Emergency approval granted for OSR flea beetle spray

A key insecticide for controlling flea beetle is available to oilseed rape growers this autumn, following emergency approval of the neonicotinoid acetamiprid.

For the second year in a row, the Chemicals Regulation Directorate (CRD) has approved Certis’ insecticide InSyst (acetamiprid) for the control of cabbage stem flea beetle in oilseed rape.  

“There is a great deal of concern around the inability to control insect pests in oilseed rape crops, such as cabbage stem flea beetle,” said Mike Hambly, NFU’s combinable crops board chairman.

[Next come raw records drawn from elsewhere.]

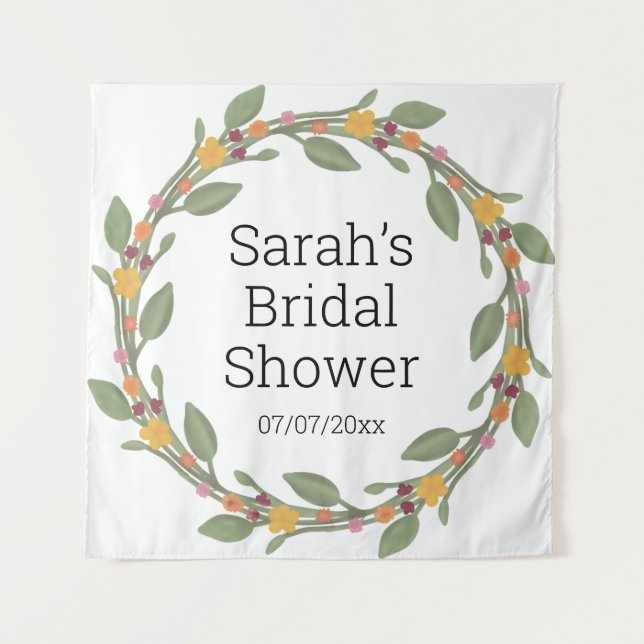 tapeçaria personalizada do chá de casamento (Frente)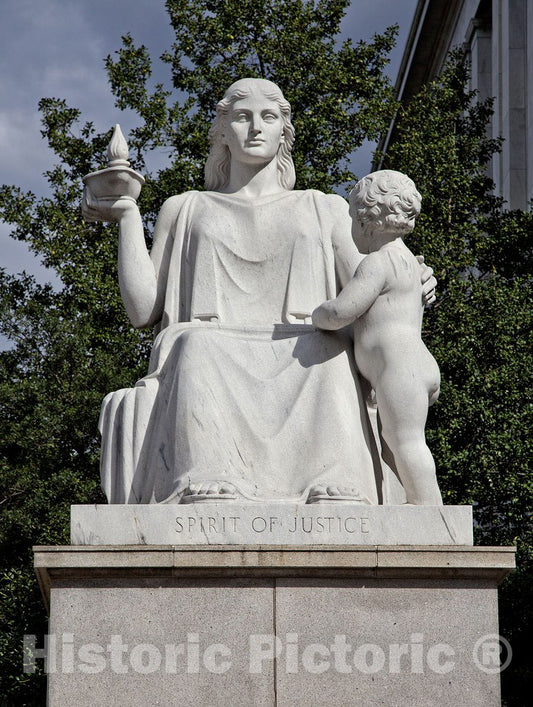 Washington, D.C. -Photo -Spirit of Justice Statue at The Rayburn Building-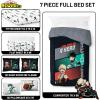 image:imageJay Franco Kids Comforter Set Includes Sheets and Pillow Covers  Soft and Cozy Bed Set for Stylish Room Decor Official Licensed Bedding Blue  The Mandalorian 7 Piece QueenBlack  My Hero Academia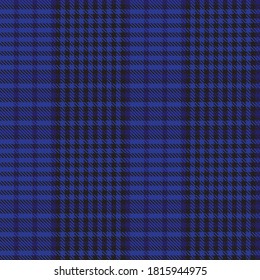 Blue Glen Plaid textured seamless pattern suitable for fashion textiles and graphics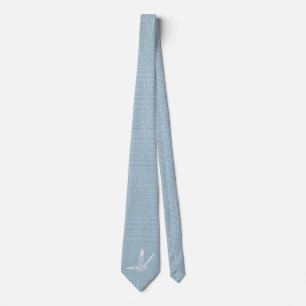 Baby Blue und White Elegant Hummingbird Krawatte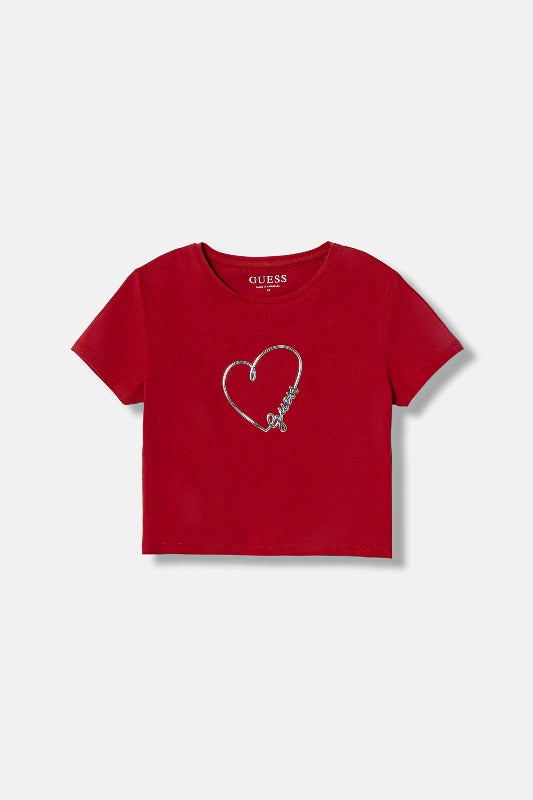 NUOVO ARRIVO
T-SHIRT GUESS RAGAZZA CHILI RED
J6RI06K6YW4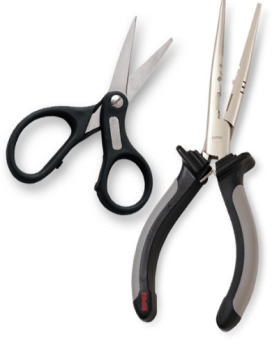 Комбо-набор Rapala  11 (плоскогубцы (16см.); ножницы; чехол) Комбо-набор Rapala  11 (плоскогубцы (16см.); ножницы; чехол)
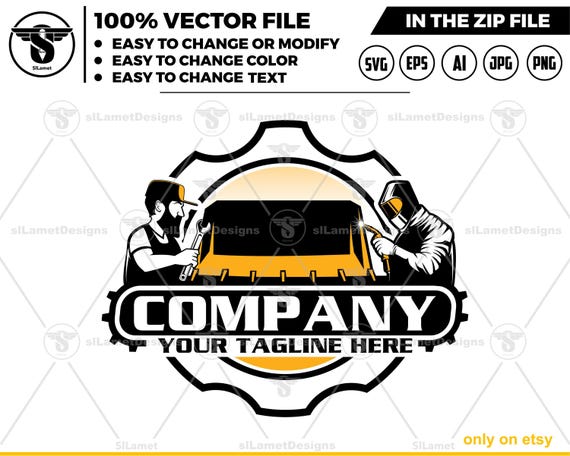 equipment vehicles repair logo - equipment vehicles services logo - heavy equipment svg - attachment equipment repair - welding equipment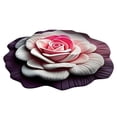 thumbnail image 1 of 3D Visual Stereo Flower Mud Floor Mat - Decorative Non- Area Rug for Living Room Bedroom and Bathroom - Easy Care and Highly Absorbent Floor Mats, 1 of 7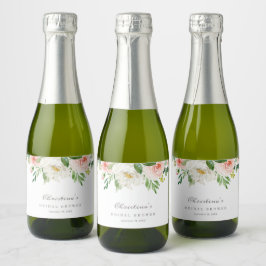 Frühlingsmomance Mini Sparkling Weinflaschen Label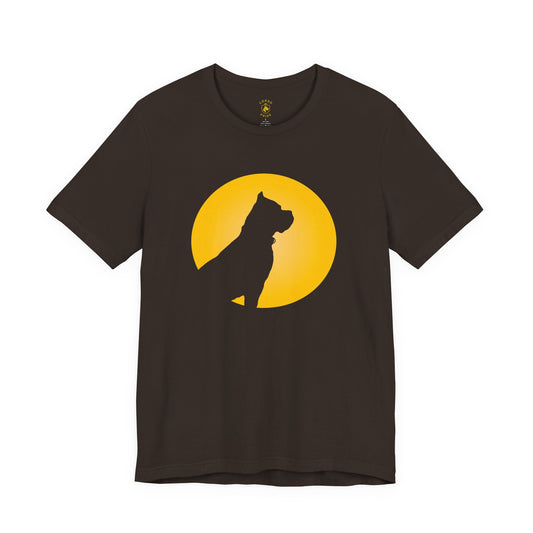 Cane Corso Sunset Silhouette T-Shirt
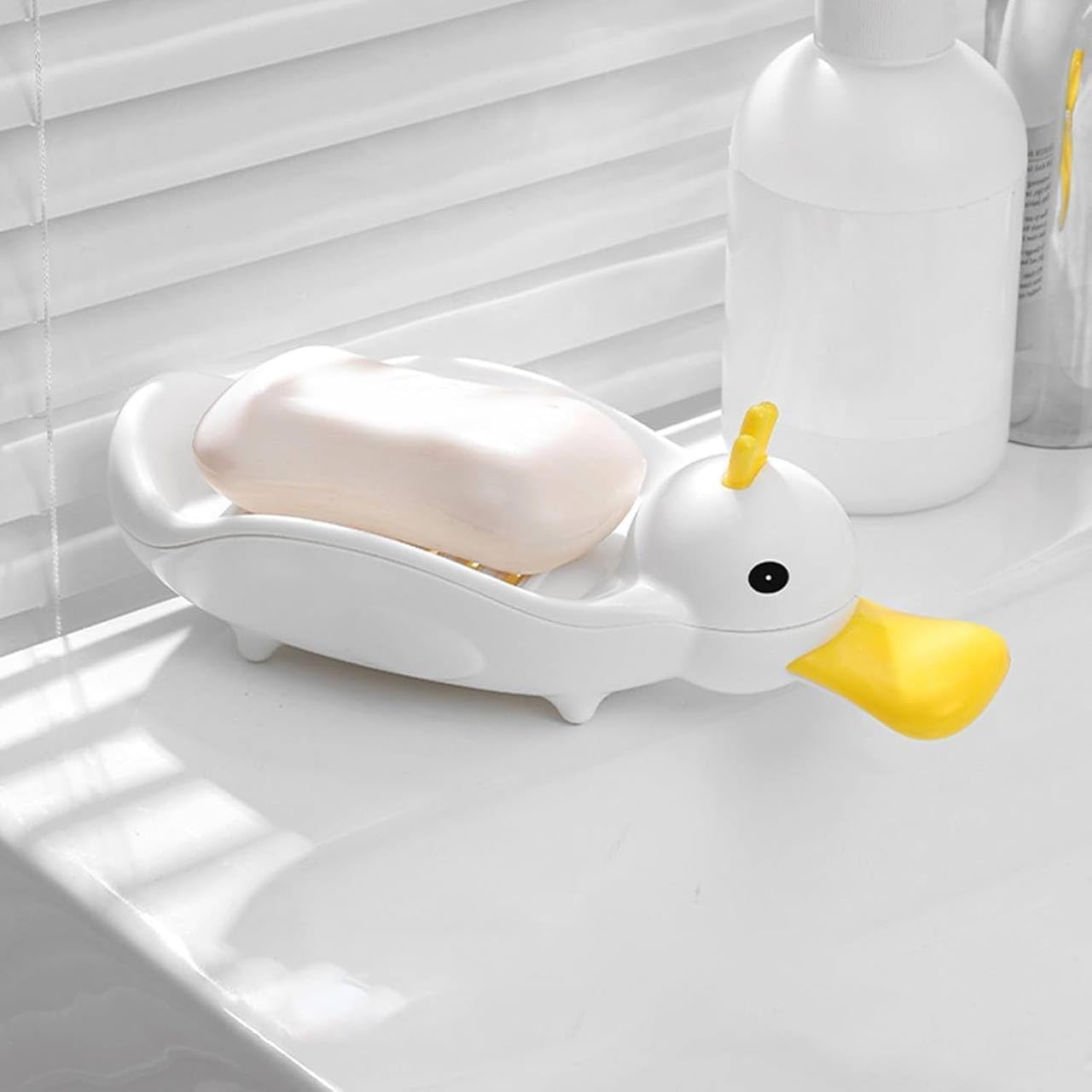 Cute Duck Soap Dish Self Draining Soap Holder Soap Tray Shower Soap Box for Home Bathroom Tub Kitchen Sink Home Kitchen Wash Basin Shower Sink Bathroom Storage Organizer (B0DG2KTJBW) Amazon Price History, Amazon Price Tracker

See also: HGCA says 3.5% of English oilseed rape lost to flea beetle

“With the removal of certain seed treatments and active ingredients, farmers with high pest pressure saw crops overwhelmed last year before alternative products could be made available,” he said.

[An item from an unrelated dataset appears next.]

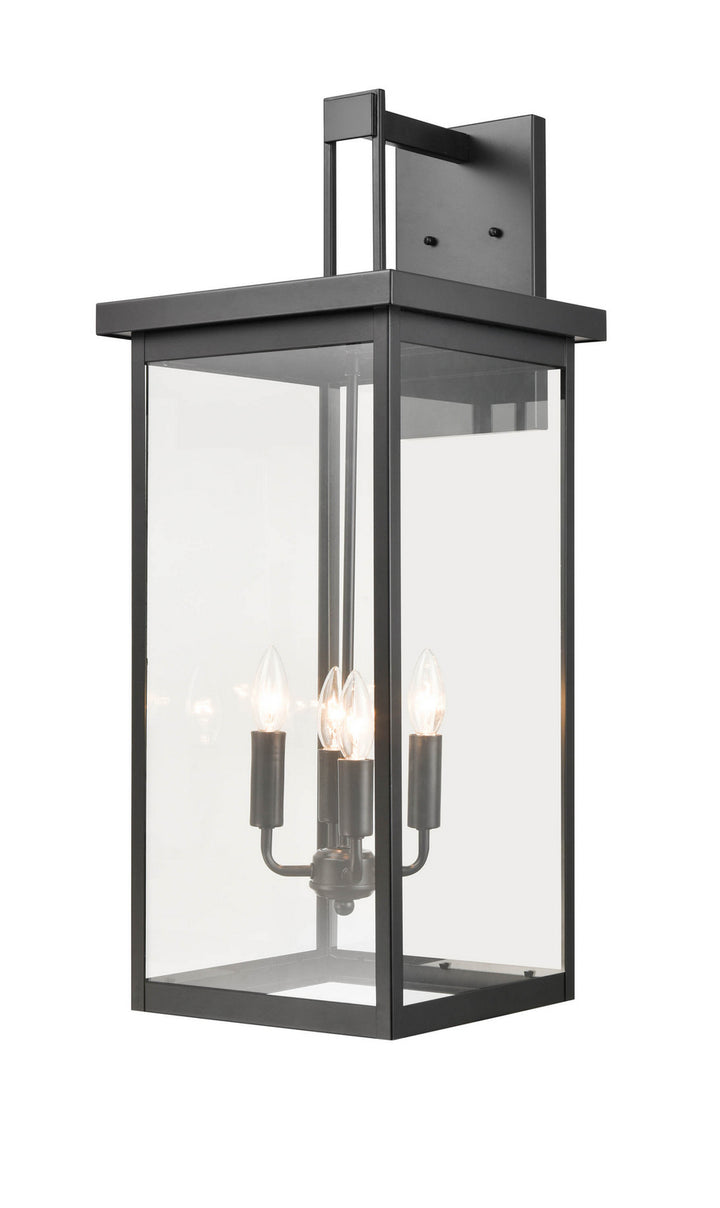 Millennium Lighting 2606-PBK Barkeley Four Light Outdoor Lantern Outdoor Black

“The emergency approval for the use of InSyst will help increase grower confidence in their decision to plant oilseed rape this year, where choices have not already been made, as well as help secure their ability to grow a successful, consistent crop.”

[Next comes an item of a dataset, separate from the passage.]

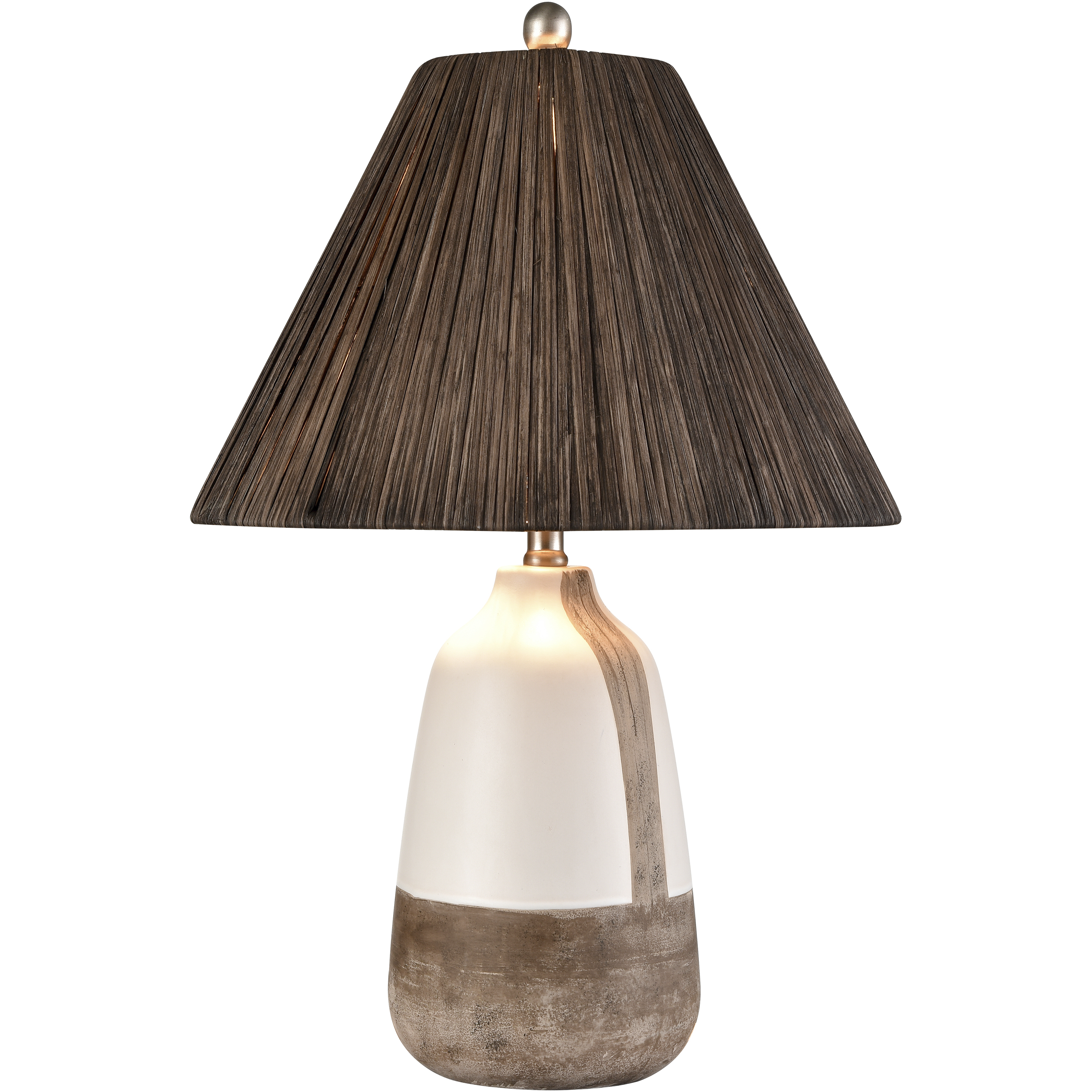 Kirkover 26 inch 150 watt White Glazed Table Lamp Portable Light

This 120-day emergency authorisation relates to the use of InSyst as an insecticide on winter oilseed rape for use at a maximum dose rate of 200g/ha between growth stages BBCH 09 to 14, for control of cabbage stem flea beetle, and application is to be made in a minimum water volume of 200 litres/ha.

Inez Cornell, Certis’ product manager, explained that as part of the emergency approval, Certis were asking growers to provide information, via a dedicated web-portal, to help provide a better map of cabbage stem flea beetle pressures across the country.

“By collating specific information in relation to pest pressures that are being seen first-hand, up and down the country, we can start to build a wider picture of the potential impact of this destructive pest.

She highlighted that growers are not permitted to use more than one autumn foliar application of any of the following insecticides actives: acetamiprid, clothianidin, imidacloprid and thiacloprid.

The 120-day emergency authorisation expires on 25 November 2015 and growers should obtain a copy of the notice of approval via the CRD website.